In 2005 I matched up with a female from Match.com. She was one in two million she claimed. At her divorce proceedings from the tech mogul she ended up slapping her ex in the court room. She was fined $1000 or some such fine. She said if she had known that was all it was going to be she would have hit him harder. She was rich – a stable of horses – etc. After a few dates she asked me if I would like a paid-for dental office so I could just do free dentistry all the time. I said NO THANK YOU. I had learned the hard way that when the client pays good money, they appreciate what you do. The more they pay, as a rule, the more you know they value what you do. I seldom received that satisfaction when doing medicaid/medicare dentistry.

We dated right after Hurricane Ivan and my storm clouds were just beginning to gather making her offer moot.

NickelthroweR
NickelthroweR
January 14, 2018 4:26 am

Greetings,

With 22% of the population on medicaid, how is it even possible for the remaining few that work to shoulder such a burden? I mean, wouldn’t you feel stupid going to work knowing that others get all the benefits without having to do anything?

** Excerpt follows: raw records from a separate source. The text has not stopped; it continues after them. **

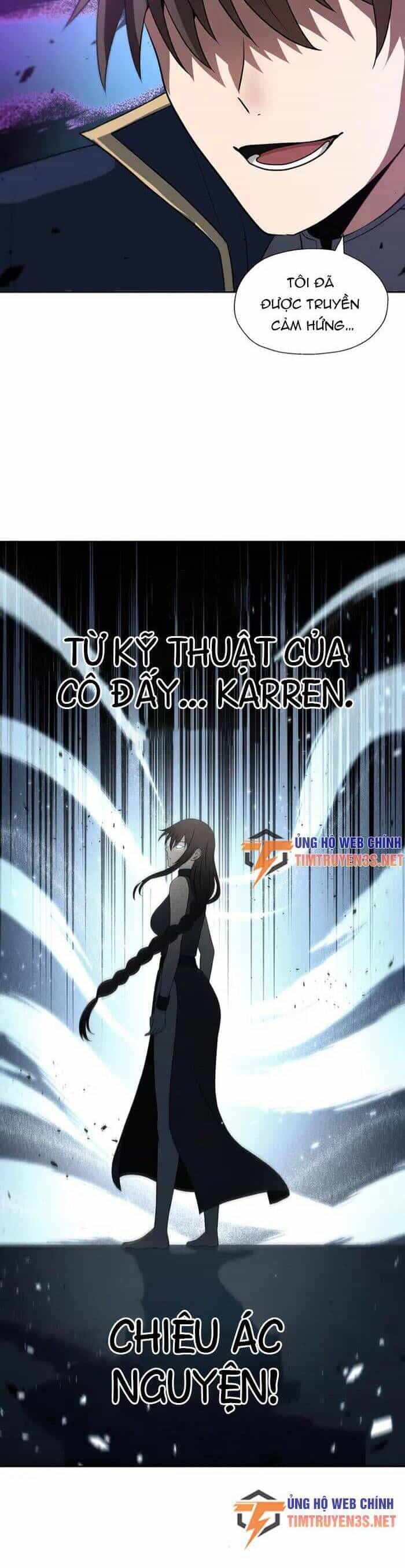 Quay Trở Lại Dị Giới Một Lần Nữa - Chương 57 - ảnh 32
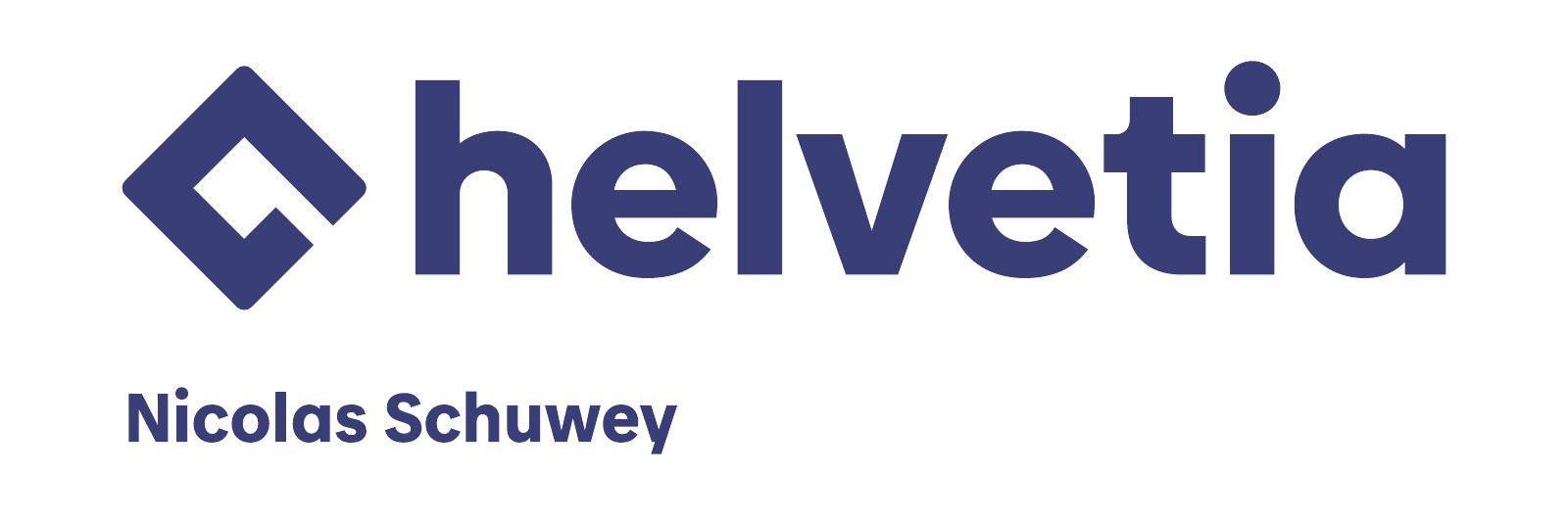 Helvetia · Nicolas Schuwey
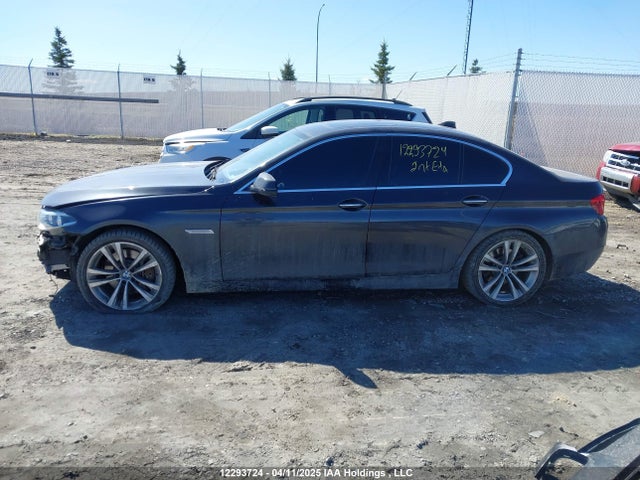 BMW 535i 2016 WBA5B3C59GG256239 Image 15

The people here in California, though never bothering to visit such backwards places like Kentucky, are freaking the hell out over the fact that people receiving a handout are being asked to give something back to the community. Listening to them, one would think we were witnessing a reenactment of the Holocaust.

Coalclinker
Coalclinker
January 14, 2018 9:55 am

I can’t wait to read socialist publications and their condemnation of the Kentucky Work-for-Medicaid requirements which probably aren’t as severe as they should be. Folks I live in Eastern Kentucky. I was born here and lived most of my life here. I am also of those who have worked many years in steady work. There are many “normal” who live here. We pay our bills and our taxes, and are the same as folks in other parts of the country except we talk differently and I think have the best home cooking of any place in the U.S.
Let me tell you, we “normies” are fucking sick and tired of our version of the Free Shit Army. I don’t think you can really understand the concept of the Free Shit Army until you’ve seen the Eastern Kentucky Version Free Shit Army. You have the slovenly clothing they wear in public, the “crack baby” kids who will grow up to be just like their “parents”, the retired normies raising their fucked-up grand children AND great grand children, and of course, the drugs. Did I say the drugs?
Based upon the drug statistics, we are in the middle of a real die-off right now. Most of them die between the age of 35 to 45. Good riddance! If they didn’t administer Narcan this shit would be over with real quick.

If the state would do something with these benefits that would encourage the FSA to move to Ohio or West Virginia that would be wonderful. Anyhow, at least some of the FSA now has to work to get some medical care, but not enough.

yahsure
yahsure
January 14, 2018 11:28 am

The government has created a great state of dependence on aid from the state and the fed. Once you get everyone hooked… Food stamps could be modified to only cover staples.milk and bread and such.
healthcare? We have a big problem with it being unaffordable, even for people with a job.
I bet there is an even worse problem with the way big corporations are subsidized.